(Source material Opens)

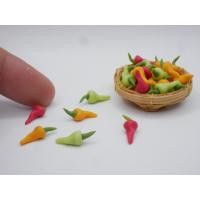 ราคา พริกหยวกจิ๋ว (ราคา/ชิ้น) ขนาด 1 ซม. สีแดง พริกหยวก ผักจิ๋ว ผัก ของจิ๋ว ของตกแต่ง (13246811643)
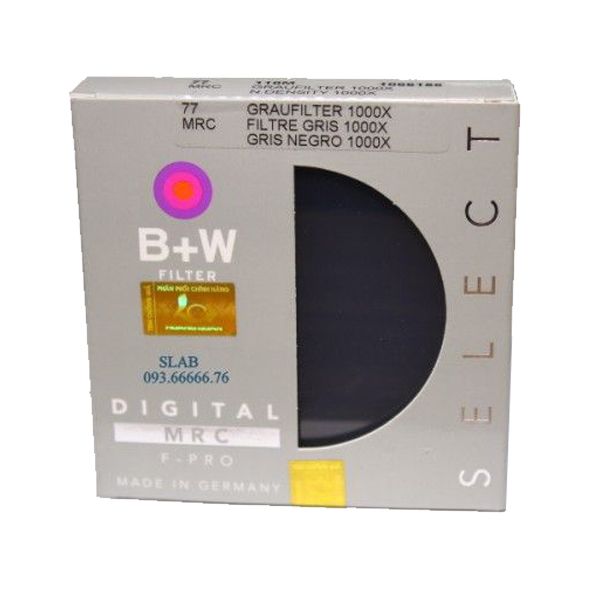 Kính Lọc B+W 77mm F-Pro MRC ND 1000X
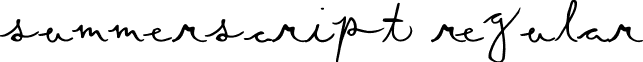 SummerScript Regular font - SummerScript.ttf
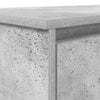 Betoninharmaa työpöytä Gustie 120x42x76cm (puinen)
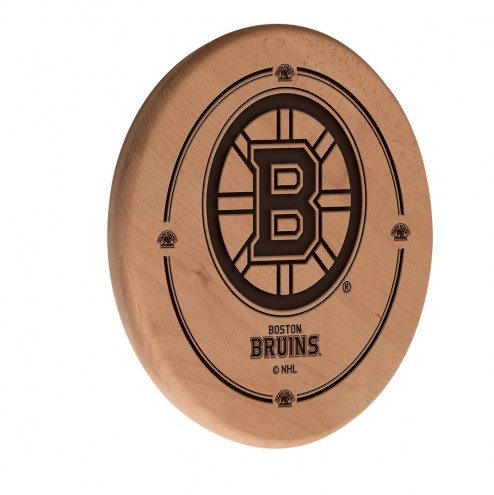 Boston Bruins Laser Engraved Wood Sign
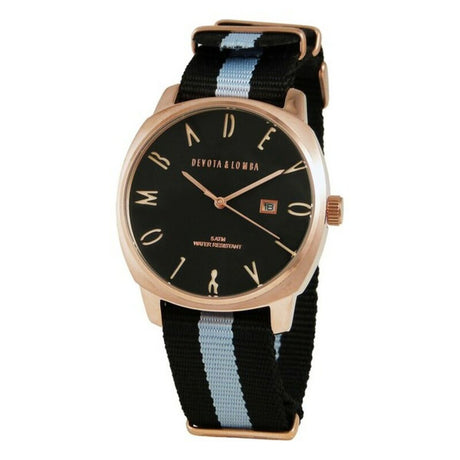 Relógio masculino Devota & Lomba DL008MSPBK-GR-03BLACK (Ø 42 mm) - EcoNest
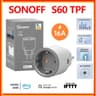 SONOFF S60TPF WiFi Smart Socket 16A 4000W Smart Plug with Current Measurement, Overload Protection, Voice Controlled, Compatible with Alexa/Google Home (WiFi 2.4) product thumbnail 1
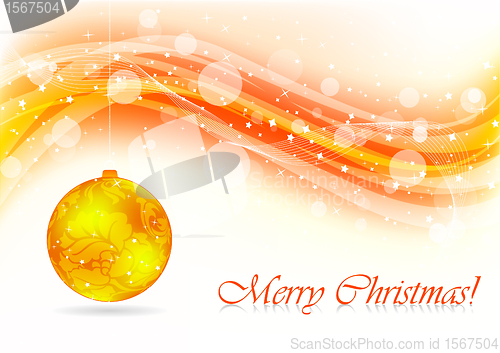 Image of Xmas background with evening ball. Vector illustration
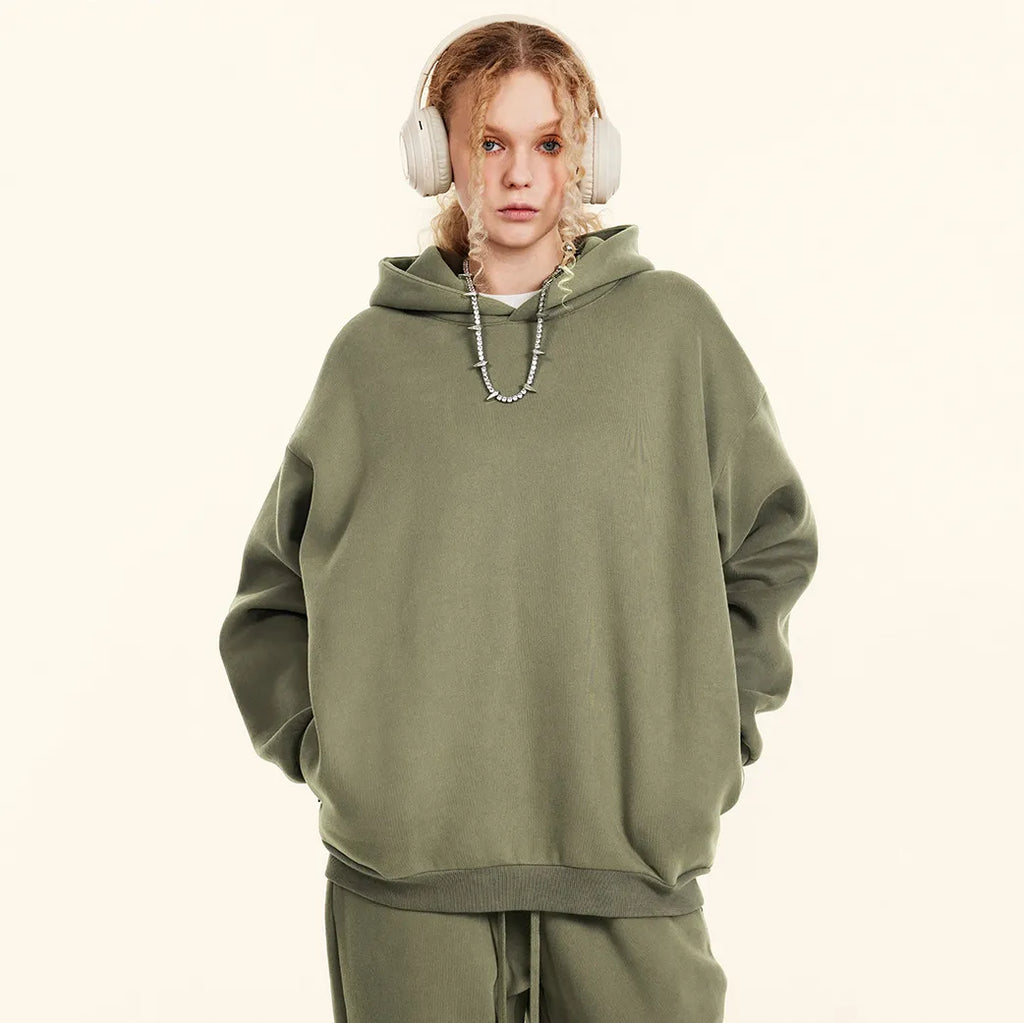 Sweat-shirt unisexe doublé polaire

(Source material Closes)

What belongs in the answer is each line above from the line with "SummerScript Regular font - SummerScript.ttf" to the line with "Image of Xmas", inclusive, reproduced exactly and free of pictures.

 SummerScript Regular font - SummerScript.ttf
 Betoninharmaa työpöytä Gustie 120x42x76cm (puinen)
 Boston Bruins Laser Engraved Wood Sign
 Relógio masculino Devota & Lomba DL008MSPBK-GR-03BLACK (Ø 42 mm) - EcoNest
 SONOFF S60TPF WiFi Smart Socket 16A 4000W Smart Plug with Current Measurement, Overload Protection, Voice Controlled, Compatible with Alexa/Google Home (WiFi 2.4) product thumbnail 1
 Image of Xmas background with evening ball. Vector illustration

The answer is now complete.